From line 7 we iterate over the list of categorical variables, splitting the main dataframe into subframes one for each category value. From line 14, we iterate over the subframes to extract the response variable vectors(one per category value) and append it to an argument list preparatory to calling the ANOVA function.
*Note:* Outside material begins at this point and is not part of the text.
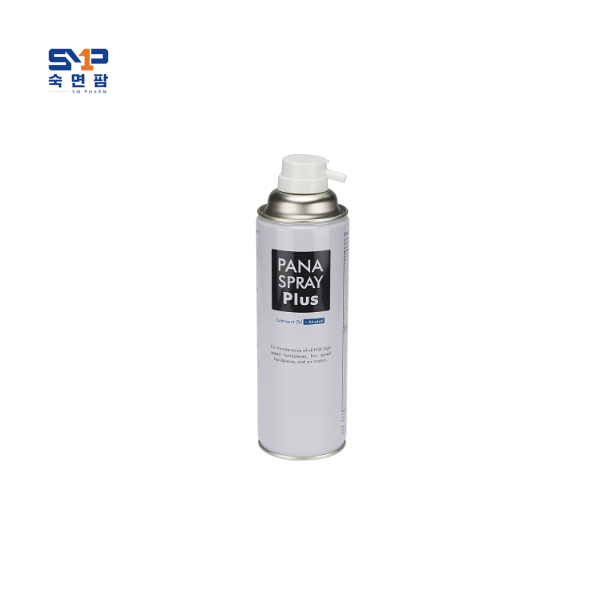 파나 오일 플러스 480ml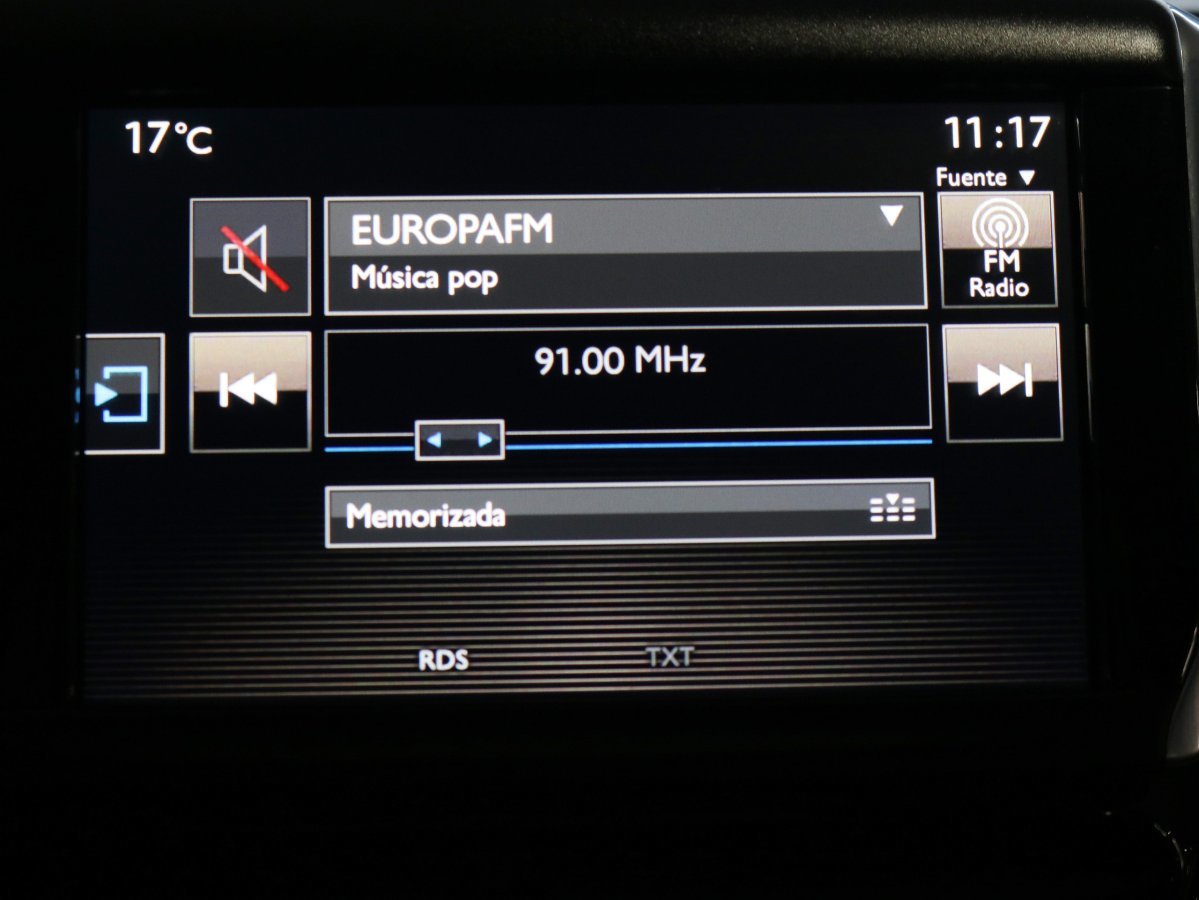 Foto Peugeot 2008 16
Finally, in the highlighted lines, we calculate the F-score for that particular feature and append it to a list which we later convert to a sorted dataframe from lines 22 onwards.

We would then get a table of categorical features in decreasing order of importance as seen below.

	feat	h	p
0	Sale Condition	11862.088786	0.000000e+00
1	Sale Type	11649.484168	0.000000e+00
2	Paved Drive	11426.564666	0.000000e+00
3	Garage Cond	11268.378841	0.000000e+00
4	Garage Qual	11166.915197	0.000000e+00
5	Garage Finish	11030.495476	0.000000e+00
6	Garage Type	10328.708545	0.000000e+00
7	Functional	9674.236518	0.000000e+00
8	Kitchen Qual	9645.993093	0.000000e+00
9	Electrical	8721.048294	0.000000e+00
10	Central Air	8576.530553	0.000000e+00
11	Heating QC	8441.378149	0.000000e+00
12	Heating	7935.587928	0.000000e+00
13	BsmtFin Type 2	7924.419589	0.000000e+00
14	BsmtFin Type 1	7901.301287	0.000000e+00
15	Bsmt Exposure	7387.120701	0.000000e+00
16	Bsmt Cond	7124.662257	0.000000e+00
17	Bsmt Qual	7061.629472	0.000000e+00
18	Foundation	6096.974304	0.000000e+00
19	Exter Cond	5375.322697	0.000000e+00
20	Exter Qual	5344.786094	0.000000e+00
21	Mas Vnr Type	4407.873986	0.000000e+00
22	Exterior 2nd	4044.730460	0.000000e+00
23	Exterior 1st	3605.698606	0.000000e+00
24	Roof Matl	3166.997822	0.000000e+00
25	Roof Style	3150.723404	0.000000e+00
26	House Style	3072.309979	0.000000e+00
27	Bldg Type	2840.675901	0.000000e+00
28	Condition 2	2764.800185	0.000000e+00
29	Condition 1	2740.046612	0.000000e+00
30	Neighborhood	2630.599196	0.000000e+00
31	Lot Config	1406.872181	9.047556e-271
32	Land Slope	1414.790250	4.264197e-270
33	Land Contour	1358.608290	5.005876e-267
34	Utilities	1361.113269	4.387615e-265
35	Lot Shape	1298.090210	1.578868e-257
36	MS Zoning	1047.959037	2.291721e-209
37	Street	1055.446473	3.057046e-209
38	MS SubClass	676.652485	2.472914e-135

The list throws up some surprising and not-so-surprising insights!